Brief descriptive captions
○ ○ ○

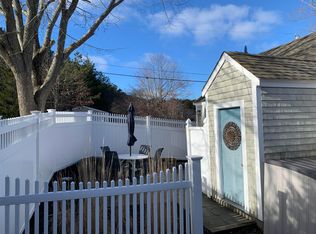 11 Hughes Rd, Truro, MA 02666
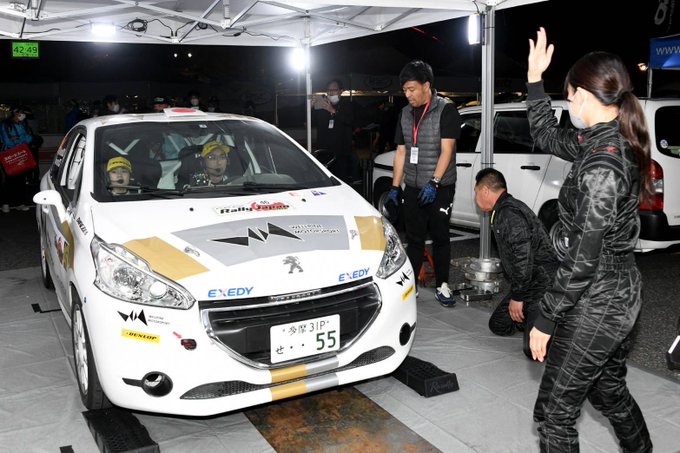 Twitterのコスプレ画像3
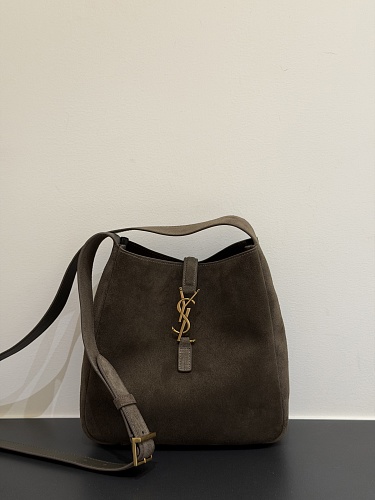 Crossbody bag from Scarlettluxury
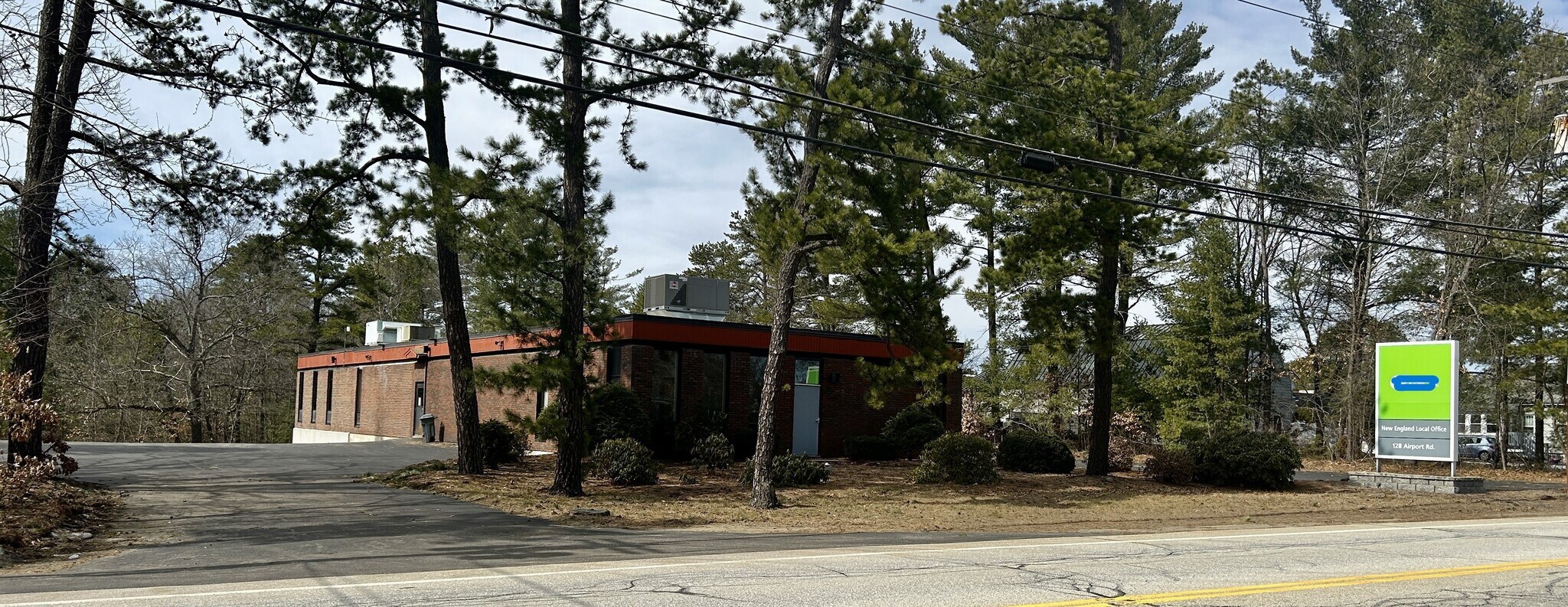 128 Airport Rd, Concord, NH for sale Primary Photo- Image 1 of 1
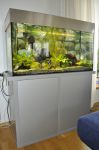 skřínka pod akvarium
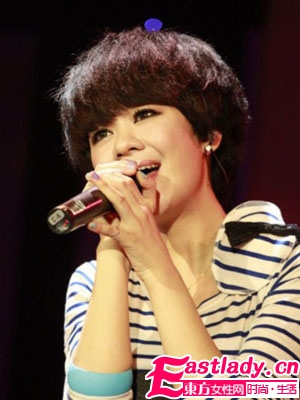 女明星大秀鍋蓋頭發(fā)型 可愛又個性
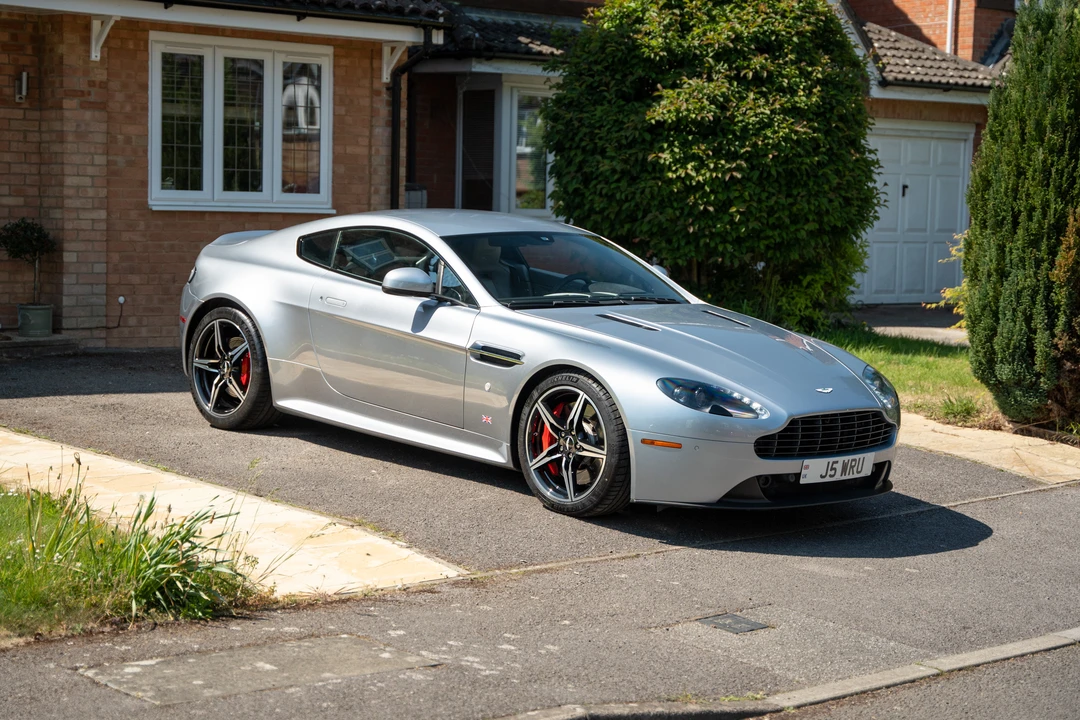 2015 Aston Martin V8 Vantage (2006-2017) - Image 15 of 31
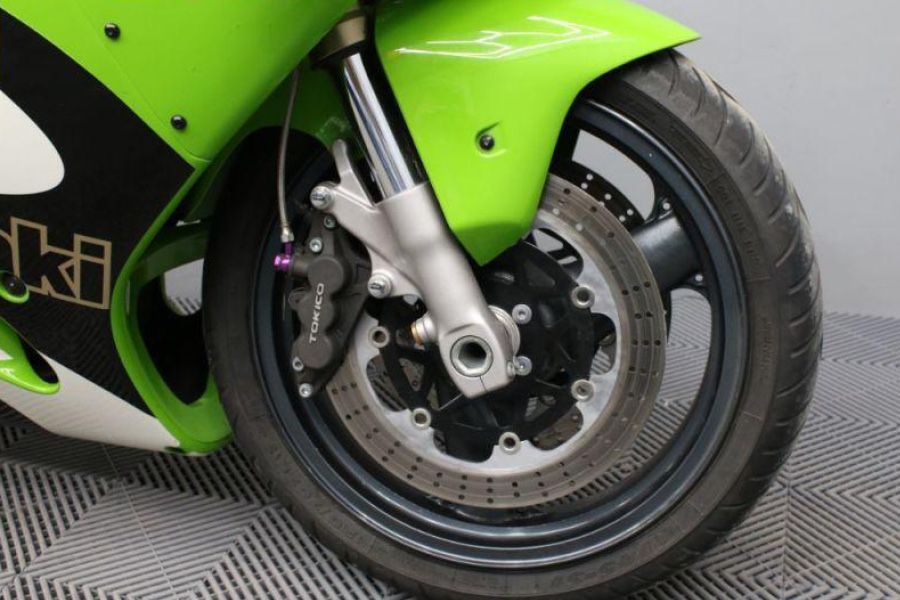 Kawasaki ZX-7R: Future Classic Motorcycle | BeMoto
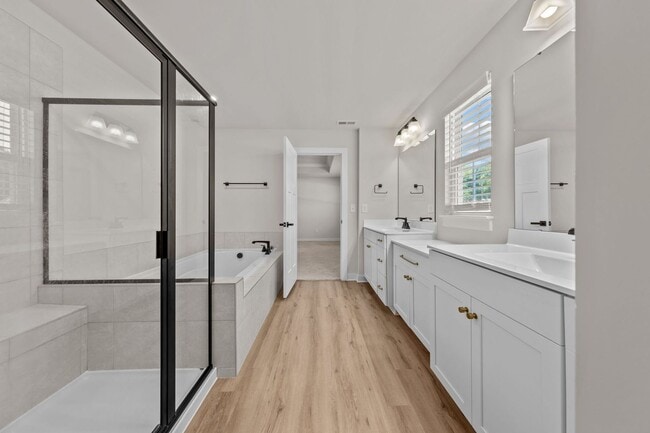 Building Photo - Luxurious 4-bed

○ ○ ○

The answer must consist solely of the lines from the one with "skřínka pod akvarium" through the final line of the data, each reproduced exactly and with pictures omitted.

 skřínka pod akvarium
 女明星大秀鍋蓋頭發(fā)型 可愛又個性
 2015 Aston Martin V8 Vantage (2006-2017) - Image 15 of 31
 Kawasaki ZX-7R: Future Classic Motorcycle | BeMoto
 Building Photo - Luxurious 4-bed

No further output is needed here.